Web page caption snippets
- - - -

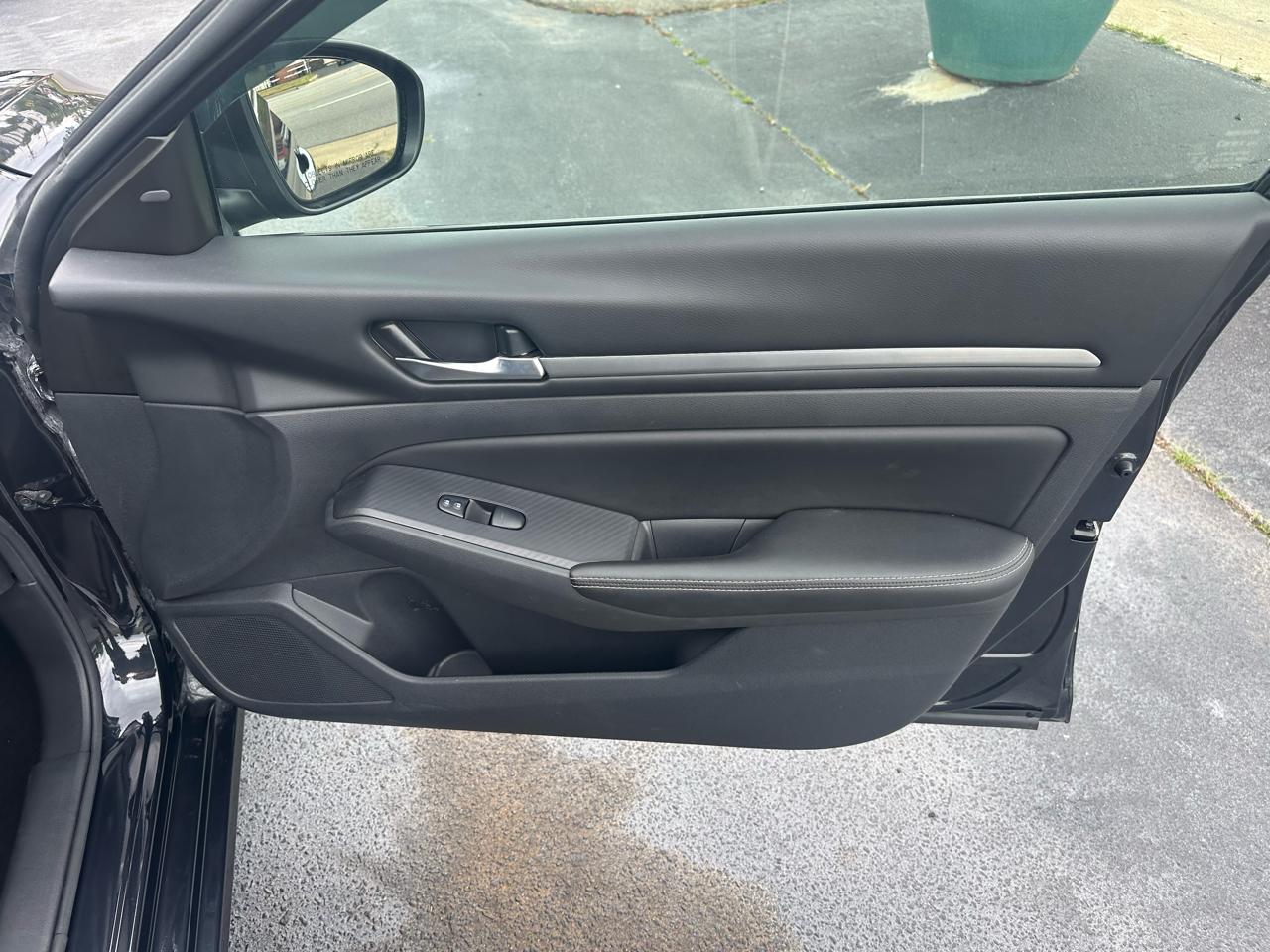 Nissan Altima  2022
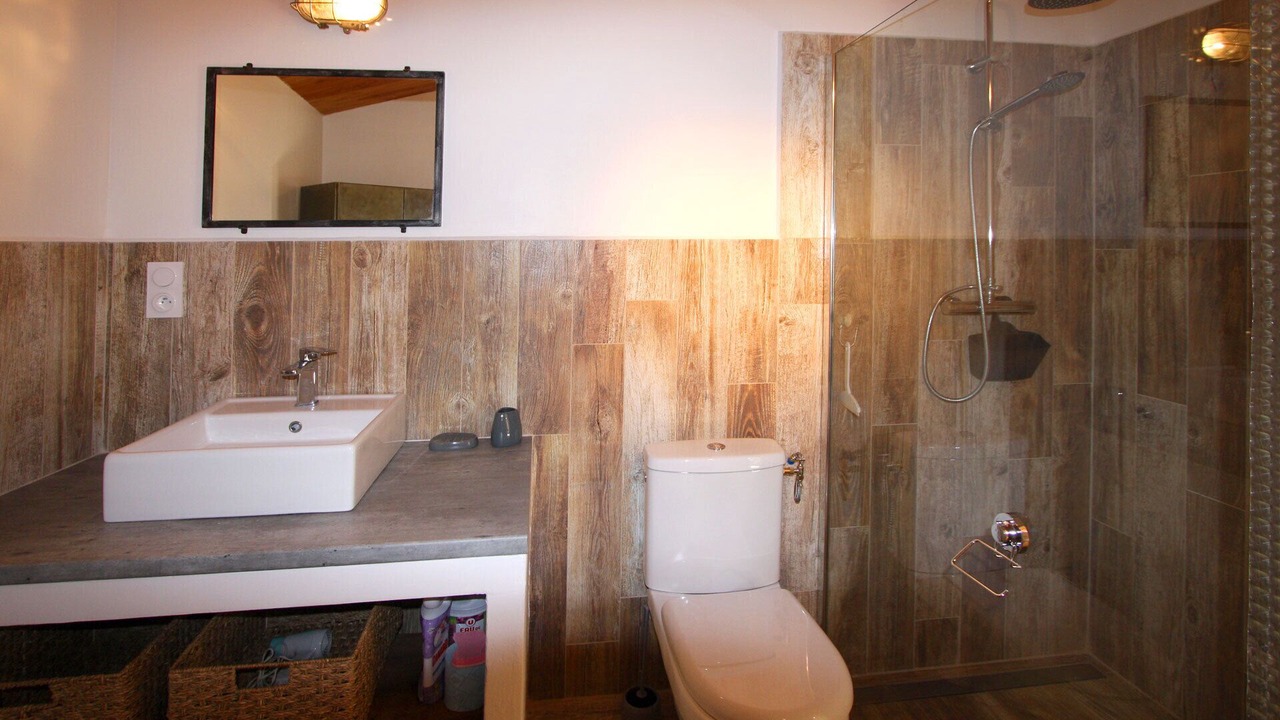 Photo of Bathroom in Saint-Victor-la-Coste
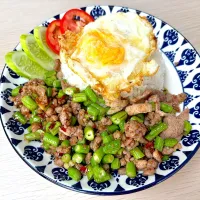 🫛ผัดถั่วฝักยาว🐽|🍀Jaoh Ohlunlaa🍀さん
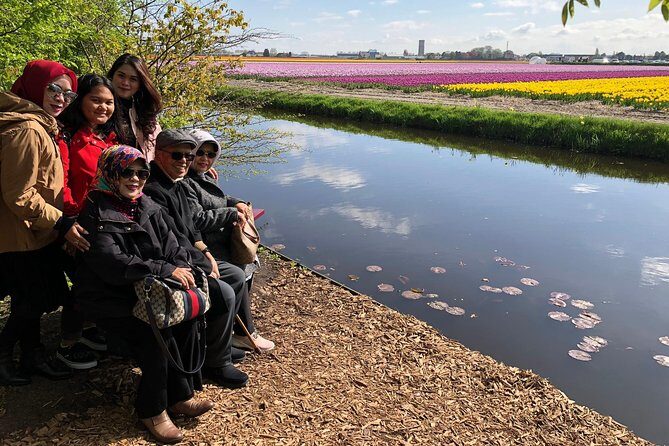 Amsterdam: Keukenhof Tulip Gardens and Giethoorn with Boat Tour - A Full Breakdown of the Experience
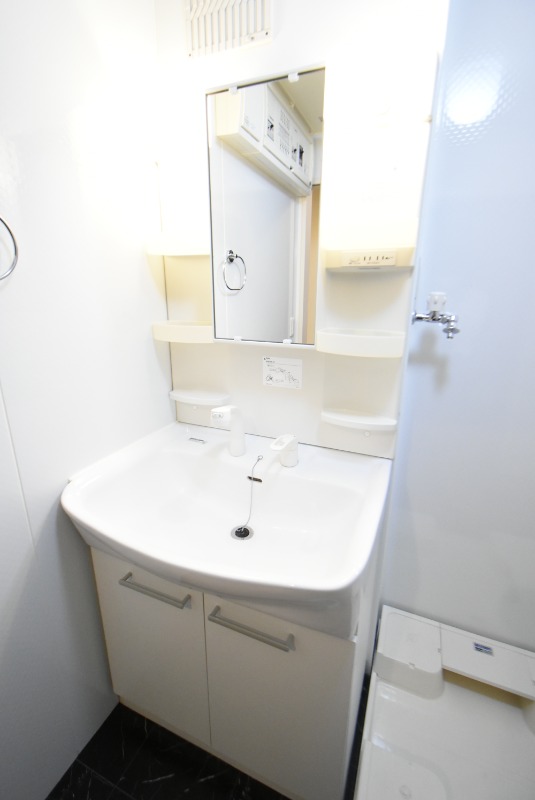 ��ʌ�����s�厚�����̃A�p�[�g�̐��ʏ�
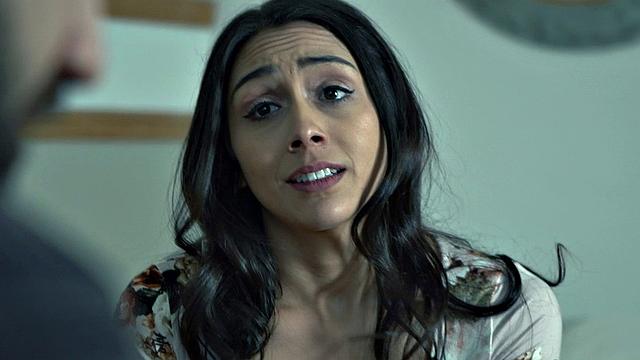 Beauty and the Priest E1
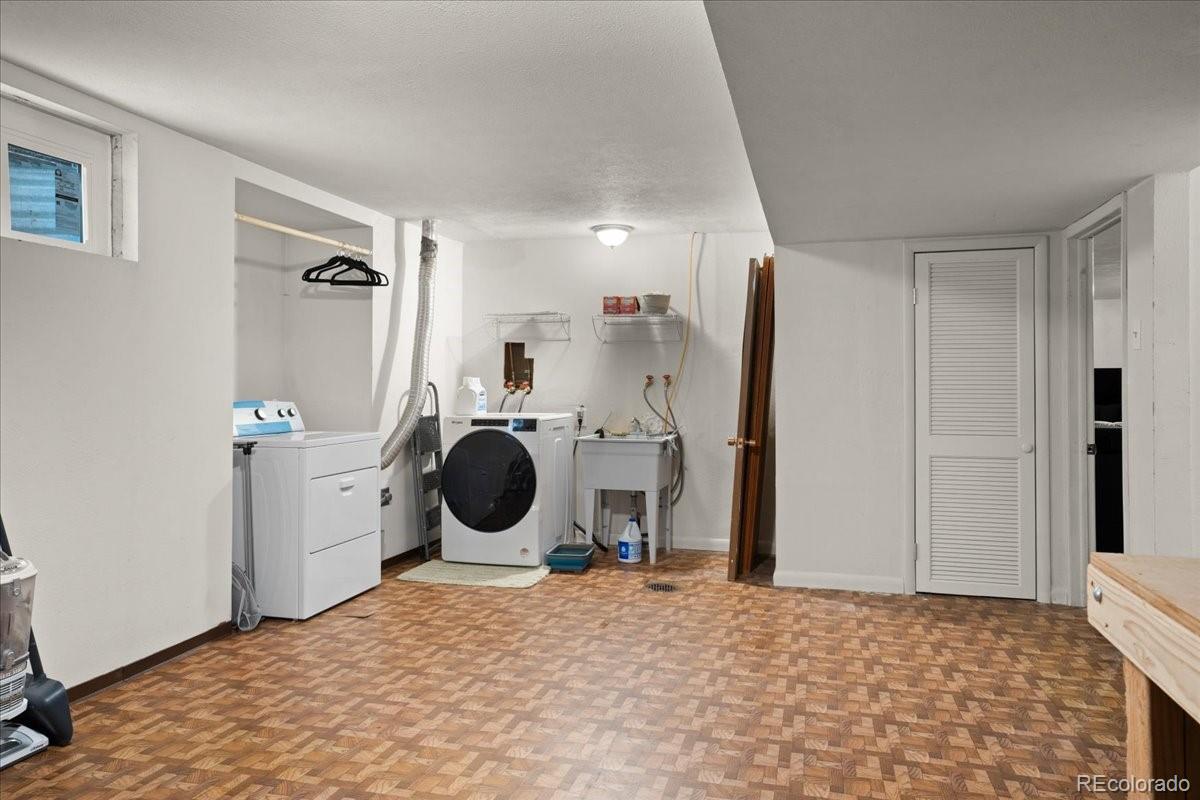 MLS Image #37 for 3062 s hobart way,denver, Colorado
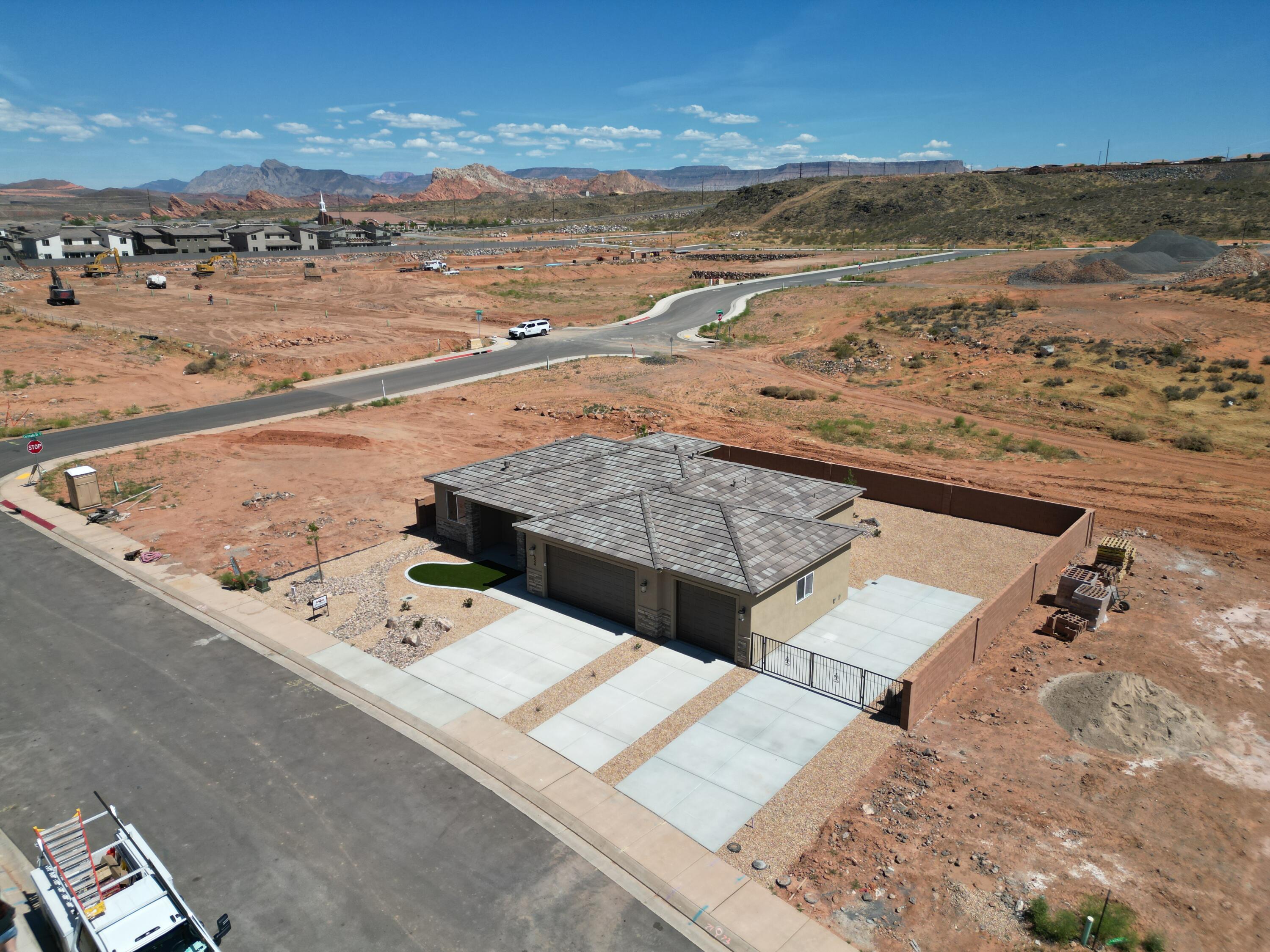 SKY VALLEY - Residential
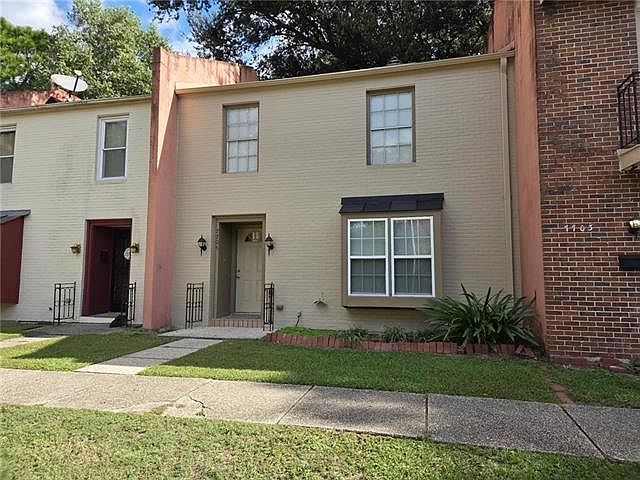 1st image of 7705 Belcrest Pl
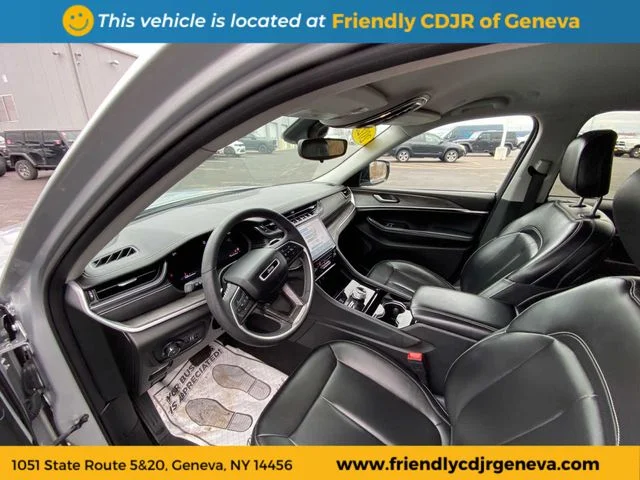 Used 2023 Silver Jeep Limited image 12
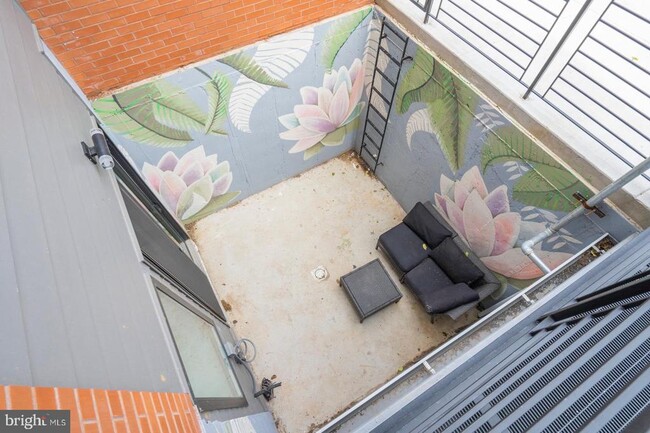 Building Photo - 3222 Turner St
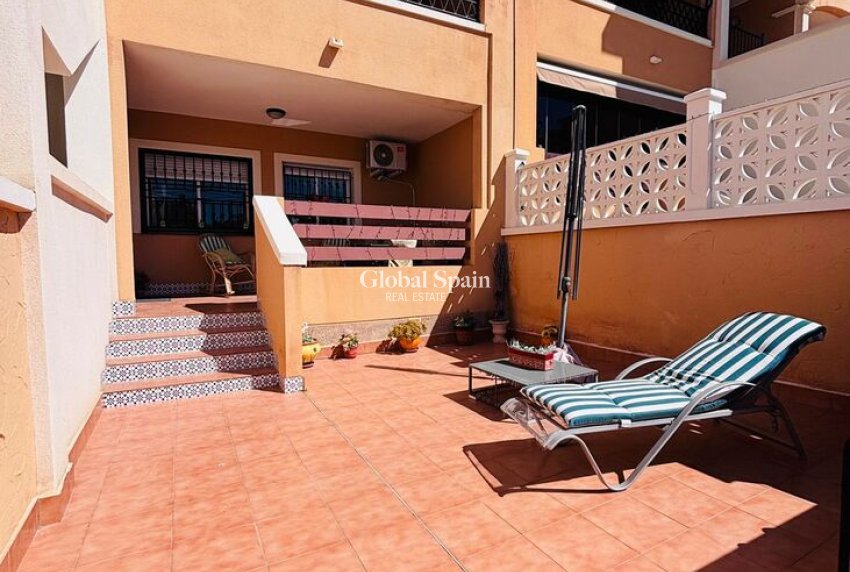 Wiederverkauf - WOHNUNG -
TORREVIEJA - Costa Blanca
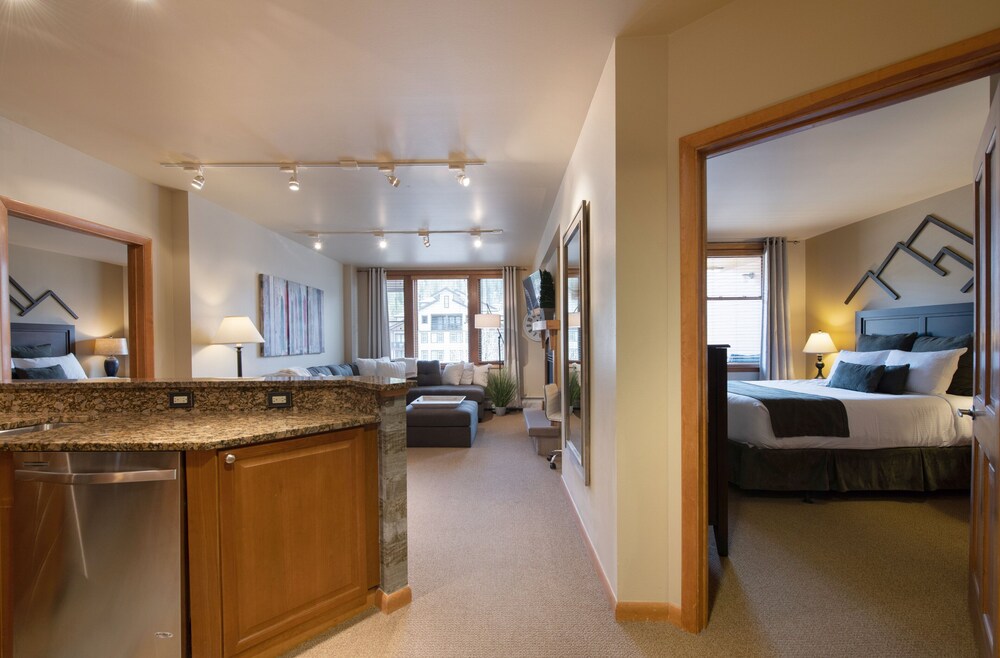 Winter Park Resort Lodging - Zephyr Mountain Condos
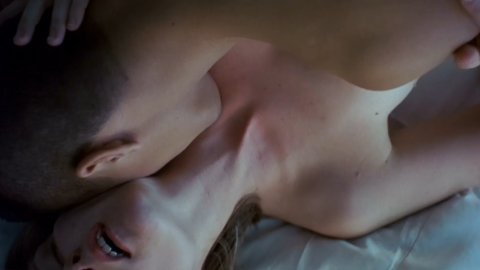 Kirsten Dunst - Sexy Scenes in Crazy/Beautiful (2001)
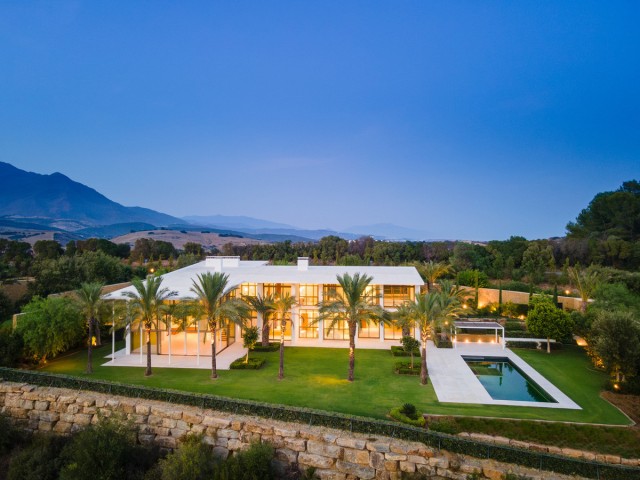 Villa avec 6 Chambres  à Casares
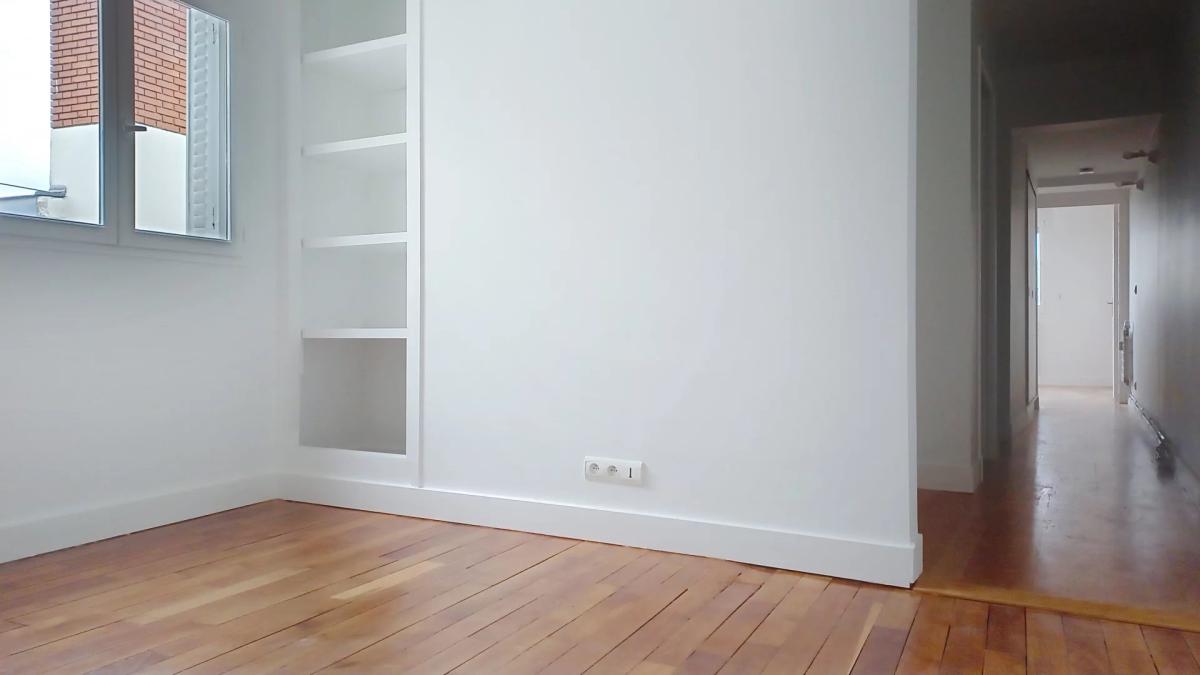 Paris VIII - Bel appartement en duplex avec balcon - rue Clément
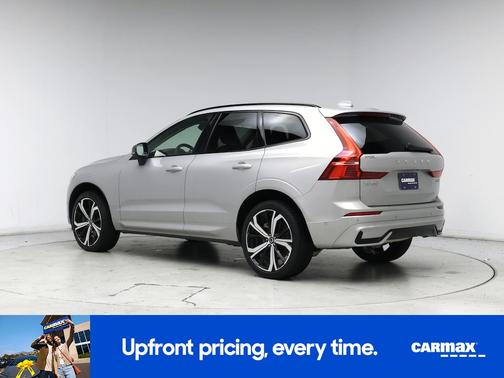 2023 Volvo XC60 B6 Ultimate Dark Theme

- - - -

• TASK STATEMENT: When you repeat the data, keep it exact and drop every picture.

• RESPONSE BELOW:
 Nissan Altima  2022
 Photo of Bathroom in Saint-Victor-la-Coste
 🫛ผัดถั่วฝักยาว🐽|🍀Jaoh Ohlunlaa🍀さん
 Amsterdam: Keukenhof Tulip Gardens and Giethoorn with Boat Tour - A Full Breakdown of the Experience
 ��ʌ�����s�厚�����̃A�p�[�g�̐��ʏ�
 Beauty and the Priest E1
 MLS Image #37 for 3062 s hobart way,denver, Colorado
 SKY VALLEY - Residential
 1st image of 7705 Belcrest Pl
 Used 2023 Silver Jeep Limited image 12
 Building Photo - 3222 Turner St
 Wiederverkauf - WOHNUNG -
TORREVIEJA - Costa Blanca
 Winter Park Resort Lodging - Zephyr Mountain Condos
 Kirsten Dunst - Sexy Scenes in Crazy/Beautiful (2001)
 Villa avec 6 Chambres  à Casares
 Paris VIII - Bel appartement en duplex avec balcon - rue Clément
 2023 Volvo XC60 B6 Ultimate Dark Theme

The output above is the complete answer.